Posted by Chen Yu 1 month, 3 weeks ago

From: Tim Chen <tim.c.chen@linux.intel.com>

Cache-aware scheduling is designed to aggregate threads into their
preferred LLC, either via the task wake up path or the load balancing
path. One side effect is that when the preferred LLC is saturated,
more threads will continue to be stacked on it, degrading the workload's
latency. A strategy is needed to prevent this aggregation from going too
far such that the preferred LLC is too overloaded.

Introduce helper function _get_migrate_hint() to implement the
LLC migration policy:

1) A task is aggregated to its preferred LLC if both source/dest LLC
   are not too busy (<50% utilization, tunable), or the preferred
   LLC will not be too out of balanced from the non preferred LLC
   (>20% utilization, tunable, close to imbalance_pct of the LLC
   domain).
2) Allow a task to be moved from the preferred LLC to the
   non-preferred one if the non-preferred LLC will not be too out
   of balanced from the preferred prompting an aggregation task
   migration later.  We are still experimenting with the aggregation
   and migration policy. Some other possibilities are policy based
   on LLC's load or average number of tasks running.  Those could
   be tried out by tweaking _get_migrate_hint().

The function _get_migrate_hint() returns migration suggestions for
the upper-level functions.

Aggregation will tend to make utilization on the preferred LLC to
be more than the non-preferred one. Parameter "sysctl_llc_aggr_imb"
is the imbalance allowed.
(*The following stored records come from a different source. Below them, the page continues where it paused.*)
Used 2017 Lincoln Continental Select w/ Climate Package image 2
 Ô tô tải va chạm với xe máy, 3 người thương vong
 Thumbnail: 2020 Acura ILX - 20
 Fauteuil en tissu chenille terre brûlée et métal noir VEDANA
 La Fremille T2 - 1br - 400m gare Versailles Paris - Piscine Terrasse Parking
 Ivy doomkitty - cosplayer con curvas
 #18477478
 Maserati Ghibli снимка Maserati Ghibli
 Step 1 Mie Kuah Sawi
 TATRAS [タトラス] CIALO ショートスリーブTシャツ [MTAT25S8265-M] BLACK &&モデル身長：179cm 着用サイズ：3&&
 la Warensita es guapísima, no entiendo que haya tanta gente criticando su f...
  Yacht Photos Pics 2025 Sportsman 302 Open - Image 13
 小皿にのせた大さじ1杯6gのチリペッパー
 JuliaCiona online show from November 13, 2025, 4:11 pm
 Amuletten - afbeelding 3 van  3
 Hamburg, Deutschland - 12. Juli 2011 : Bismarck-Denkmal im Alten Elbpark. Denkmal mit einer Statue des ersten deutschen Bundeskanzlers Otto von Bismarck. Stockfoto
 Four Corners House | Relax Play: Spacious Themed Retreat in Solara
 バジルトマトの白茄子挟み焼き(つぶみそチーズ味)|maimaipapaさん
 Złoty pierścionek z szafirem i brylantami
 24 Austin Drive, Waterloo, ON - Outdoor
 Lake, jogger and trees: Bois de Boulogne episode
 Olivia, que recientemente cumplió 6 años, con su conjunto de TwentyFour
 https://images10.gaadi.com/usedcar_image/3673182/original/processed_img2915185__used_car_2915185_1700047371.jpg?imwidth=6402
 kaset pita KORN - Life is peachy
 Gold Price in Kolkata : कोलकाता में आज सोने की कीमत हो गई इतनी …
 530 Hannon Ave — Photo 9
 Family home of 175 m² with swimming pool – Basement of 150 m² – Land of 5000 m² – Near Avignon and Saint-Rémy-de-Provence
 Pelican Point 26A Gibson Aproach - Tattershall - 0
If it is set to 0, as long as the preferred
LLC is not utilized more than the source LLC, we could still aggregate
towards the preferred LLC and a preference could still be there.

Co-developed-by: Chen Yu <yu.c.chen@intel.com>
Signed-off-by: Chen Yu <yu.c.chen@intel.com>
Signed-off-by: Tim Chen <tim.c.chen@linux.intel.com>
---
 kernel/sched/debug.c |   4 ++
 kernel/sched/fair.c  | 110 ++++++++++++++++++++++++++++++++++++++++++-
 kernel/sched/sched.h |   5 ++
 3 files changed, 118 insertions(+), 1 deletion(-)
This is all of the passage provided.